I may have stumbled across a temporary solution for Redrix’s sleep mode problems. Running Fedora 43 Kernel 6.17.11-300.fc43.x86_64, blacklisting cros_ec_lpcs in kernel args using initcall_blacklist=cros_ec_lpcs rd.driver.blacklist=cros_ec_lpcs cros_ec_lpcs.blacklist=1 seemed to have fixed S0ix sleep mode for me, though I don’t think this platform is capable of S3 even though the kernel advertises it as an option. dmesg logs seem to be normal. This must be a bug either in the EC or the cros_ec_lpcs driver itself.

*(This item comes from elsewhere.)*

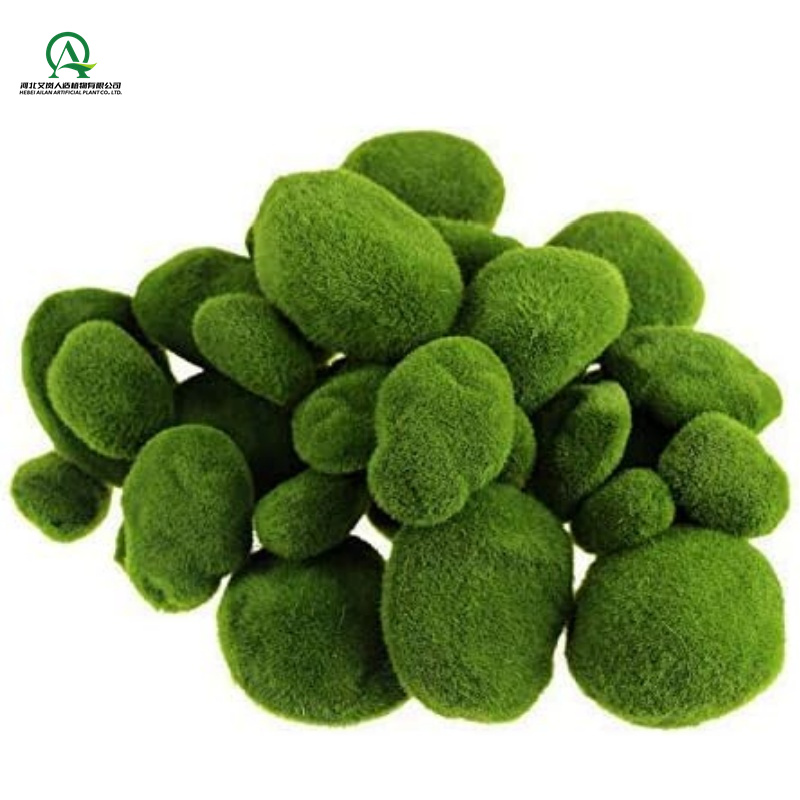 Камни декоративные искусственные с мхом для сада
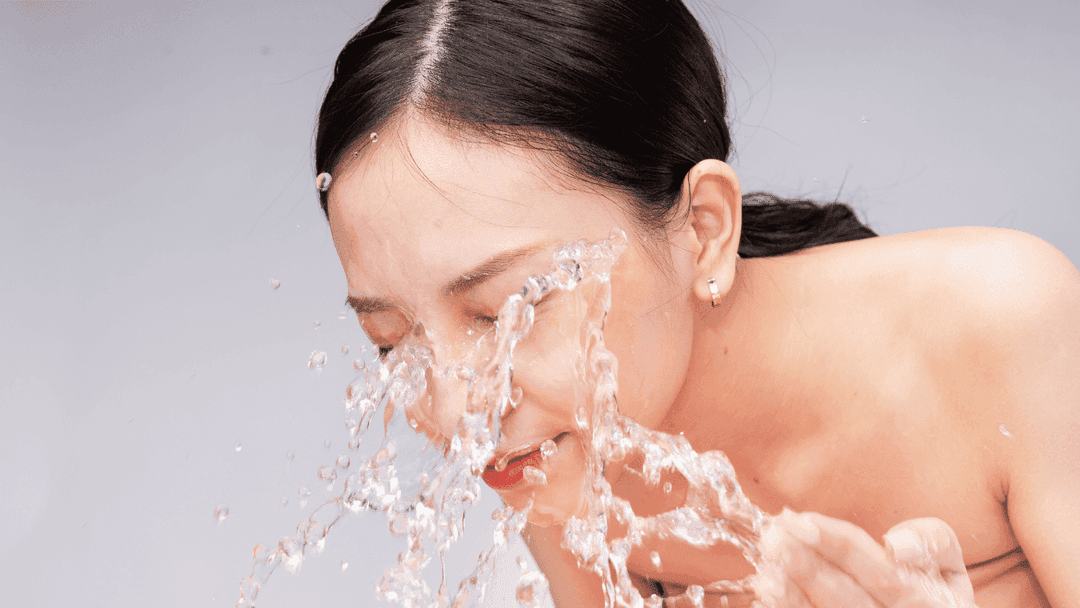 maanfaat-cuci-muka-dengan-air hangat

[  609.687059] Filesystems sync: 0.025 seconds
[  609.765444] Freezing user space processes
[  609.768218] Freezing user space processes completed (elapsed 0.002 seconds)
[  609.768243] OOM killer disabled.
[  609.768249] Freezing remaining freezable tasks
[  609.770611] Freezing remaining freezable tasks completed (elapsed 0.002 seconds)
[  609.770648] printk: Suspending console(s) (use no_console_suspend to debug)
[  609.944313] PM: suspend devices took 0.174 seconds
[  609.970355] ACPI: EC: interrupt blocked
[  617.251668] ACPI: EC: interrupt unblocked
[  617.354315] intel-ipu6 0000:00:05.0: IPU6 in secure mode
[  617.399567] nvme nvme0: D3 entry latency set to 10 seconds
[  617.404893] nvme nvme0: 10/0/0 default/read/poll queues
[  617.750516] PM: resume devices took 0.397 seconds
[  617.751483] mei_hdcp 0000:00:16.0-b638ab7e-94e2-4ea2-a552-d1c54b627f04: bound 0000:00:02.0 (ops i915_hdcp_ops [xe])
[  617.752092] OOM killer enabled.
[  617.752098] Restarting tasks: Starting
[  617.754008] Restarting tasks: Done
[  617.754050] random: crng reseeded on system resumption
[  617.757031] PM: suspend exit

blacklisting cros_ec_lpcs in kernel args using initcall_blacklist=cros_ec_lpcs rd.driver.blacklist=cros_ec_lpcs cros_ec_lpcs.blacklist=1 seemed to have fixed S0ix sleep mode for me

I experienced a similar problem under Arch with my Asus CX34 (Marasov). Whenever I triggered standby, the screen went off and the system rebooted after 30 seconds. Your fix solved the standby issue—thank you so much for your efforts.

I just realized both USB-C ports stop working once I blacklist cros_ec_lpcs. That’s definitely not ideal.